Token Budgeting
When you have a fixed context window (e.g., 128K tokens), every token matters. Laconic helps you fit more documents into the same budget without lossy truncation.
The Math
Say you’re building a prompt with retrieved context:
- System prompt: 2,000 tokens
- User query: 500 tokens
- Available for context: 125,500 tokens
- Retrieved docs: 150,000 tokens — doesn’t fit
Option A: Truncate. Lose information.
Option B: Compress with Laconic. If your docs are structure-heavy (tables, HTML, badges), you recover 15–50% of that space.
Budget-Aware Pipeline
#!/bin/bash
BUDGET=125000
USED=0
for doc in retrieved_docs/*.md; do
# Get token count of compressed version
stats=$(laconic compress -j "$doc" 2>/dev/null)
tokens=$(echo "$stats" | jq '.compressed_tokens')
NEXT=$((USED + tokens))
if [ "$NEXT" -gt "$BUDGET" ]; then
echo "Budget full at $USED tokens. Skipping remaining docs." >&2
break
fi
# Output compressed text
echo "$stats" | jq -r '.text'
echo "---"
USED=$NEXT
done
Python Example
import subprocess
import json
def compress_and_budget(docs: list[str], budget: int) -> str:
context_parts = []
used = 0
for doc in docs:
result = subprocess.run(
["laconic", "compress", "-j", "-"],
input=doc, capture_output=True, text=True,
)
data = json.loads(result.stdout)
tokens = data["compressed_tokens"]
if used + tokens > budget:
break
context_parts.append(data["text"])
used += tokens
return "\n---\n".join(context_parts)
Fast Mode for Large Batches
If you’re processing hundreds of docs and just need the compressed text (not token counts), use fast mode to skip the BPE tokenizer entirely:
# Compress 500 docs in under a second
for doc in corpus/*.md; do
laconic compress -f "$doc" > "compressed/$(basename "$doc")"
done
You can then count tokens separately on just the winners, or use your LLM provider’s tokenizer.

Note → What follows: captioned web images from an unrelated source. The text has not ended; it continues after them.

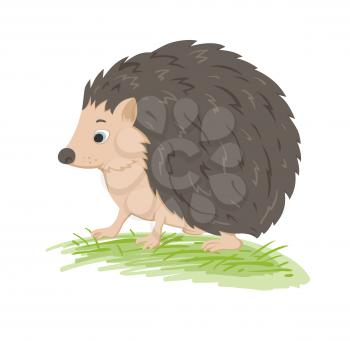 Cute vector  forest hedgehog in a green grass on a white background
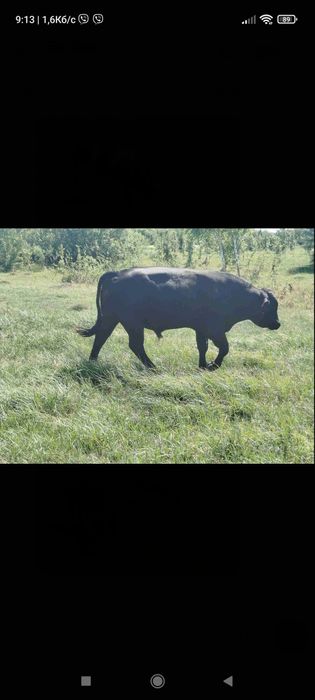 Продам 24 бики :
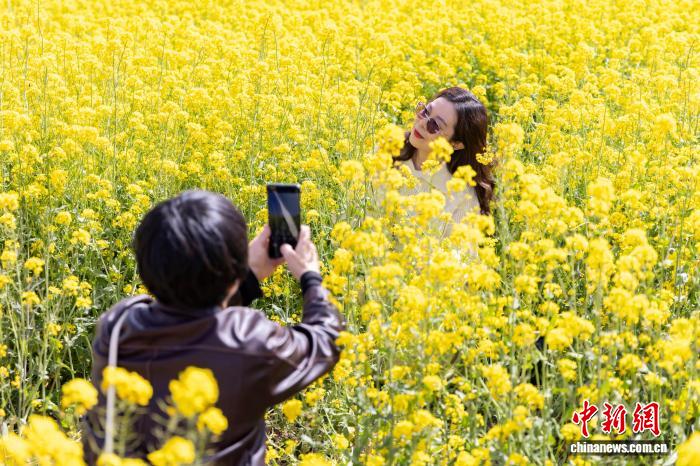金色花海“吸睛”又“吸金” 山西孝义解锁农旅融合新路径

Stacking with Other Optimizations
Laconic compresses the structure. You can stack it with other techniques:
| Technique | What it removes | Typical savings |
|---|---|---|
| Laconic | Decorative markdown structure | 15–50% on structured docs |
| Prompt caching | Repeated prefix tokens | Up to 90% cost reduction |
| Batch API | Nothing — just cheaper pricing | 50% cost reduction |
These are multiplicative. Laconic + prompt caching + batch API can reduce effective cost by 95%+ on structure-heavy workloads.